Content starts

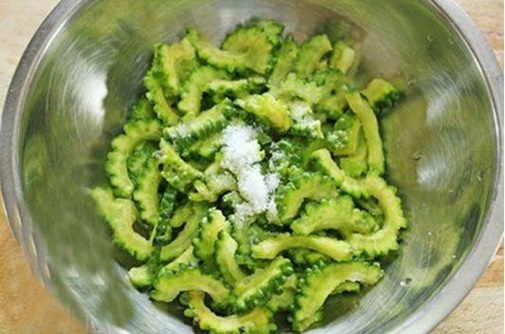 Da đẹp, dáng thon với canh bắp sườn non siêu ngon lại bổ dưỡng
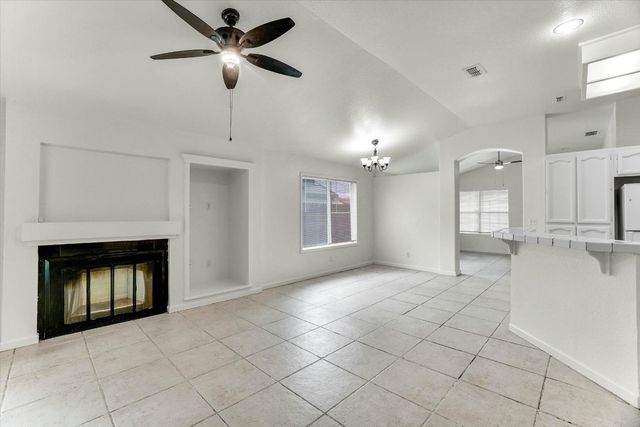 8575 Black Kite Dr, Elk Grove, CA 95624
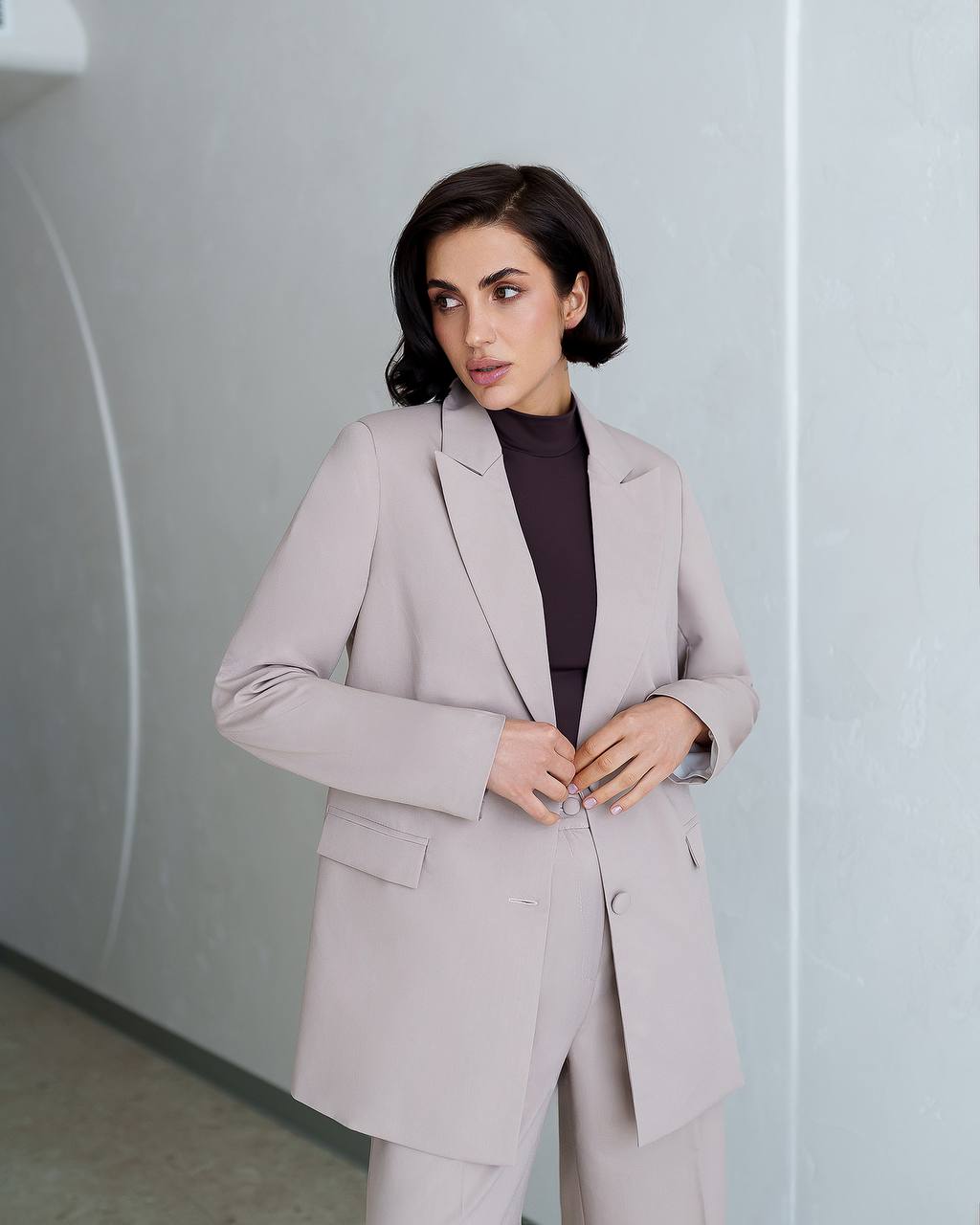 Elegant Tailored Suit Set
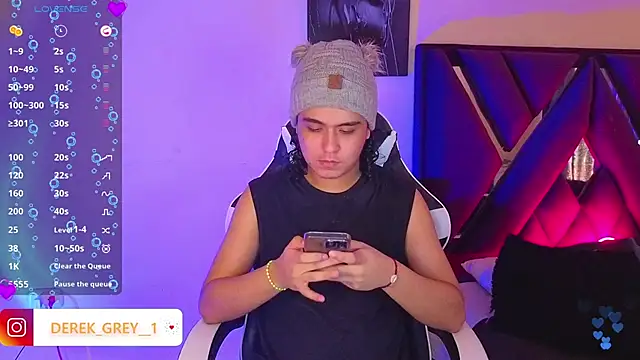 Snapshot of derek_greyy_ chatting on 10-02-25, 07:54 derek greyy online show from 10-02-25, 07:54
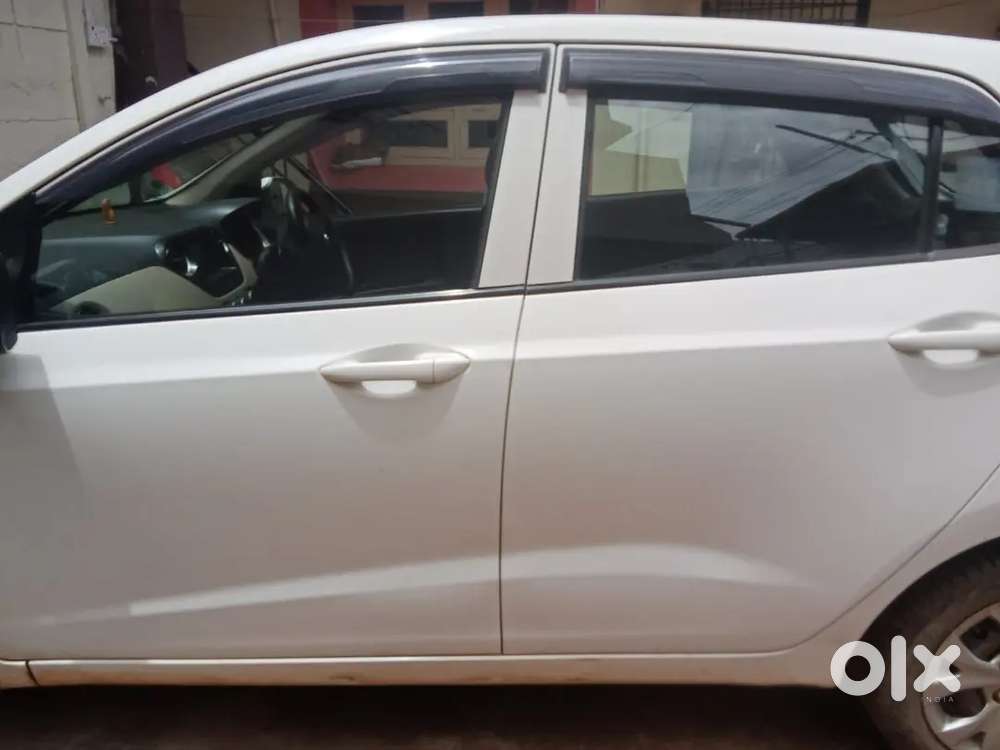 Hyundai Grand I10 2016 Top Model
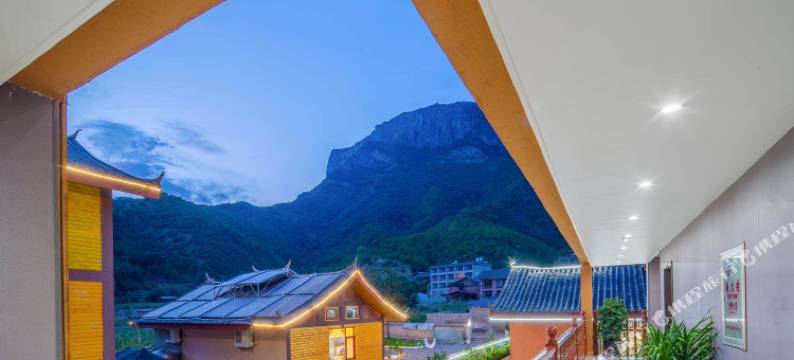 泸沽湖云湾湖景度假酒店图片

Content ends

The entries are to be written out in full and exactly, apart from the pictures.

 Da đẹp, dáng thon với canh bắp sườn non siêu ngon lại bổ dưỡng
 8575 Black Kite Dr, Elk Grove, CA 95624
 Elegant Tailored Suit Set
 Snapshot of derek_greyy_ chatting on 10-02-25, 07:54 derek greyy online show from 10-02-25, 07:54
 Hyundai Grand I10 2016 Top Model
 泸沽湖云湾湖景度假酒店图片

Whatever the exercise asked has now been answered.